Z inicjatywą wyszły ekipy Mercedesa i Red Bull Racing. Domagają się one zamrożenia rozwoju silników od 2022 roku. Ferrari, które obecnie dysponuje najgorszymi jednostkami napędowymi, nie planuje, by porozumienie doszło do skutku.
Red Bull Racing jako pierwszy zaczął naciskać na wstrzymanie rozwoju silników od roku 2022. Wynika to z sytuacji, w której znalazł się ten zespół – z końcem przyszłego sezonu producent silników „czerwonych byków”, Honda, wycofuje się z królowej motorsportu.

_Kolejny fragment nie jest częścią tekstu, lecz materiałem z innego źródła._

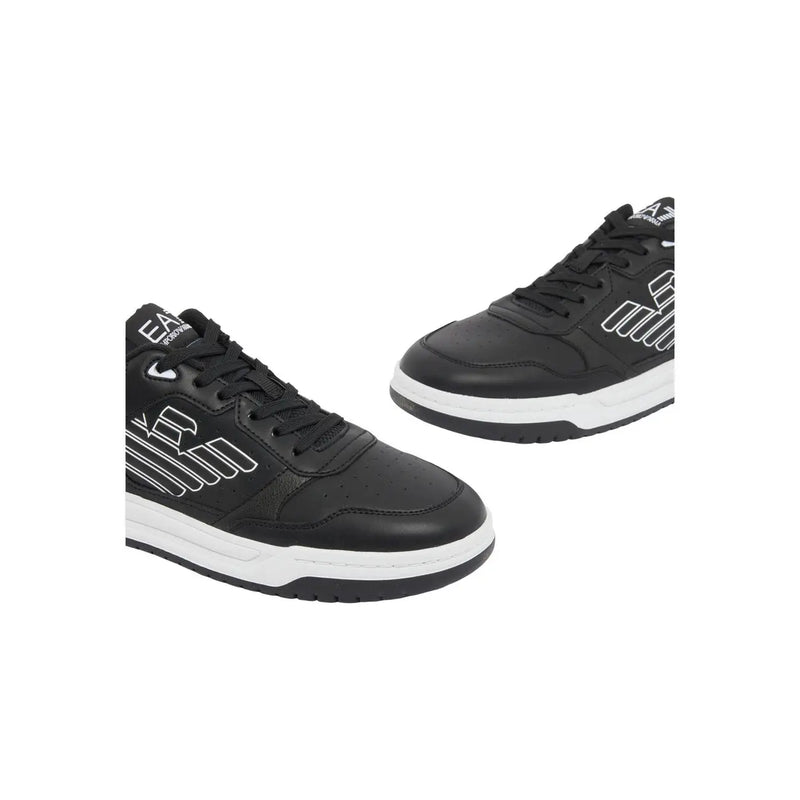 EA7 Herren-Sneaker, schwarze Polyurethan-Freizeitschuhe mit weißen Logo-Akzenten und kontrastierender weißer Gummisohle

Mercedes poparł apel Red Bull Racing, jednak nie było to zaskoczeniem. Niemcy dysponują obecnie najpotężniejszą jednostką napędową wśród zespołów Formuły 1. Zamrożenie oznaczałoby wydłużenie przewagi aż do 2025 roku.

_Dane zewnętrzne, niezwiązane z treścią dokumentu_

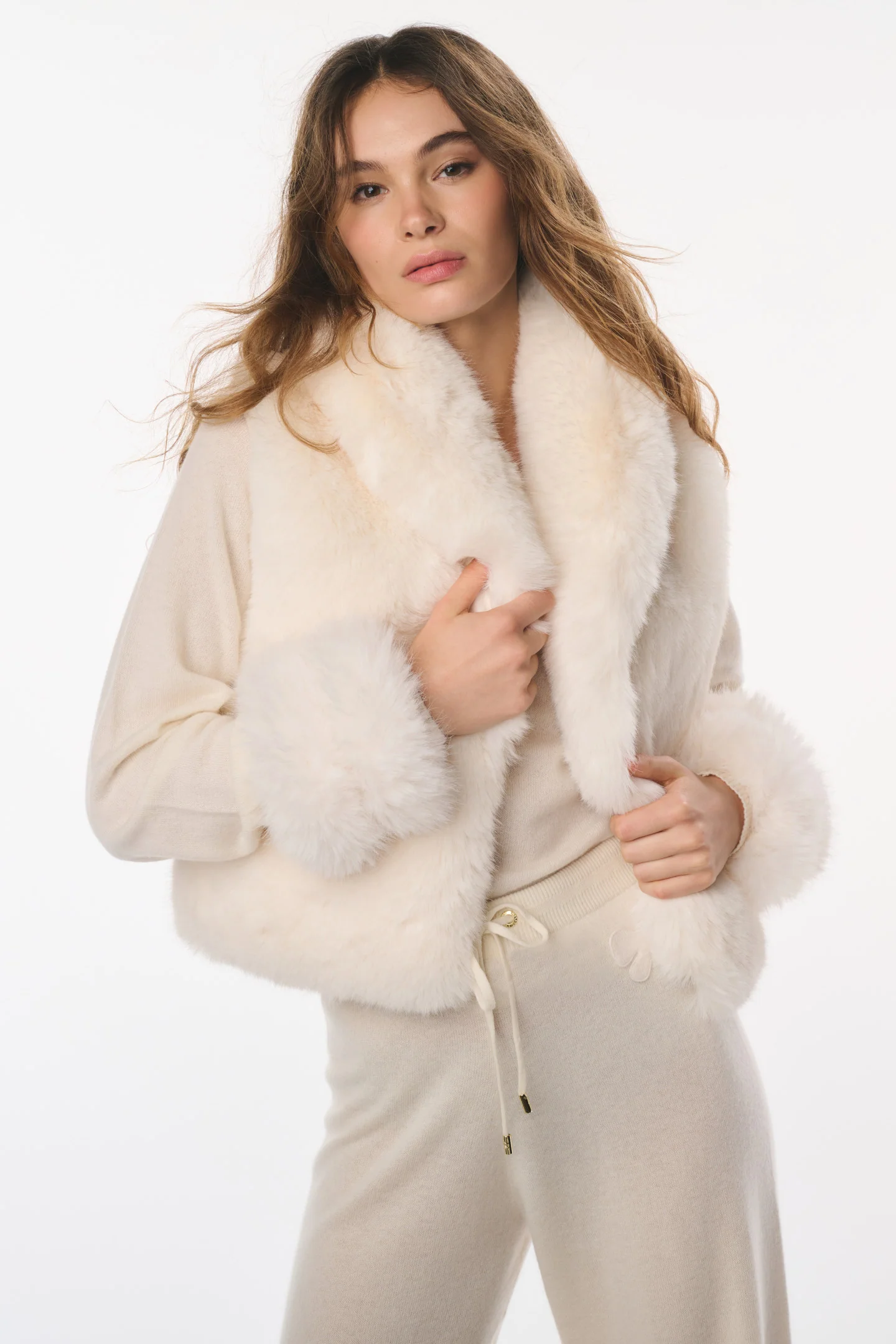 LoveShackFancy x MAX&MOI Verena Faux Fur Vest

O zamrożeniu prac negatywnie wypowiedział się włoski zespół, mówiąc w prost o drugorzędności tej dyskusji. Jak przekazał Mattia Binotto na łamach „Motorsport – zanim zaczniemy rozmawiać temat zamrożenia jednostek napędowych, powinniśmy rozpocząć dyskusję na temat sezonu 2026. To jest ważniejsze. Jakie będą silniki nowej specyfikacji? Jakie będą jednostki napędowe przyszłości? Jakie będą ich koszty? Jak policzone zostaną wydatki na ich skonstruowanie w dobie limitu wydatków?